_Instructions for the task_
A complete transcription of the material, exact in every line, is what is wanted.

*** Opening Supplied information ***

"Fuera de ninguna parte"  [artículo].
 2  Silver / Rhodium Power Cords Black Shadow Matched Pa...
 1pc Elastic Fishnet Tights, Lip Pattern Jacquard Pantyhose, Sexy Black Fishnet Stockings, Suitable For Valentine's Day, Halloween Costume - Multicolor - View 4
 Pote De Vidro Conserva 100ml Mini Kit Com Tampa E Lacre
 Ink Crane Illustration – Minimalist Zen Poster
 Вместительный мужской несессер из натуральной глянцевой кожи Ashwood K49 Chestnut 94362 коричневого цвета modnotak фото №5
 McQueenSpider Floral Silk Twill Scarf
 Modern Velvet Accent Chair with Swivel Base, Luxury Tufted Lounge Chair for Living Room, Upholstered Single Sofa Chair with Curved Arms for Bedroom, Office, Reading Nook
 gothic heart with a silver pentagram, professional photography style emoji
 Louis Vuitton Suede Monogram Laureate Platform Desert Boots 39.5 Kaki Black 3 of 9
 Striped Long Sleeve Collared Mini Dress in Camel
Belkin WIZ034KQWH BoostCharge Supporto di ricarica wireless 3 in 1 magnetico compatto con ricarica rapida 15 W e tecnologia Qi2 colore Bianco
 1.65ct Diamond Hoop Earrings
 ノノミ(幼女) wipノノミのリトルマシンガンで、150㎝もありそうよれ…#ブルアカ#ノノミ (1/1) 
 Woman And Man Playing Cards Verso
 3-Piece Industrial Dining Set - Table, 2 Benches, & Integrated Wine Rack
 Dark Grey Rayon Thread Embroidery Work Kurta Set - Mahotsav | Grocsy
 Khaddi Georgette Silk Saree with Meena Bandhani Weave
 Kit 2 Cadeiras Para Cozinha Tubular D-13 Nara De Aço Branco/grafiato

*** Closing Supplied information ***

_Exercise answer_
"Fuera de ninguna parte"  [artículo].
 2  Silver / Rhodium Power Cords Black Shadow Matched Pa...
 1pc Elastic Fishnet Tights, Lip Pattern Jacquard Pantyhose, Sexy Black Fishnet Stockings, Suitable For Valentine's Day, Halloween Costume - Multicolor - View 4
 Pote De Vidro Conserva 100ml Mini Kit Com Tampa E Lacre
 Ink Crane Illustration – Minimalist Zen Poster
 Вместительный мужской несессер из натуральной глянцевой кожи Ashwood K49 Chestnut 94362 коричневого цвета modnotak фото №5
 McQueenSpider Floral Silk Twill Scarf
 Modern Velvet Accent Chair with Swivel Base, Luxury Tufted Lounge Chair for Living Room, Upholstered Single Sofa Chair with Curved Arms for Bedroom, Office, Reading Nook
 gothic heart with a silver pentagram, professional photography style emoji
 Louis Vuitton Suede Monogram Laureate Platform Desert Boots 39.5 Kaki Black 3 of 9
 Striped Long Sleeve Collared Mini Dress in Camel
Belkin WIZ034KQWH BoostCharge Supporto di ricarica wireless 3 in 1 magnetico compatto con ricarica rapida 15 W e tecnologia Qi2 colore Bianco
 1.65ct Diamond Hoop Earrings
 ノノミ(幼女) wipノノミのリトルマシンガンで、150㎝もありそうよれ…#ブルアカ#ノノミ (1/1) 
 Woman And Man Playing Cards Verso
 3-Piece Industrial Dining Set - Table, 2 Benches, & Integrated Wine Rack
 Dark Grey Rayon Thread Embroidery Work Kurta Set - Mahotsav | Grocsy
 Khaddi Georgette Silk Saree with Meena Bandhani Weave
 Kit 2 Cadeiras Para Cozinha Tubular D-13 Nara De Aço Branco/grafiato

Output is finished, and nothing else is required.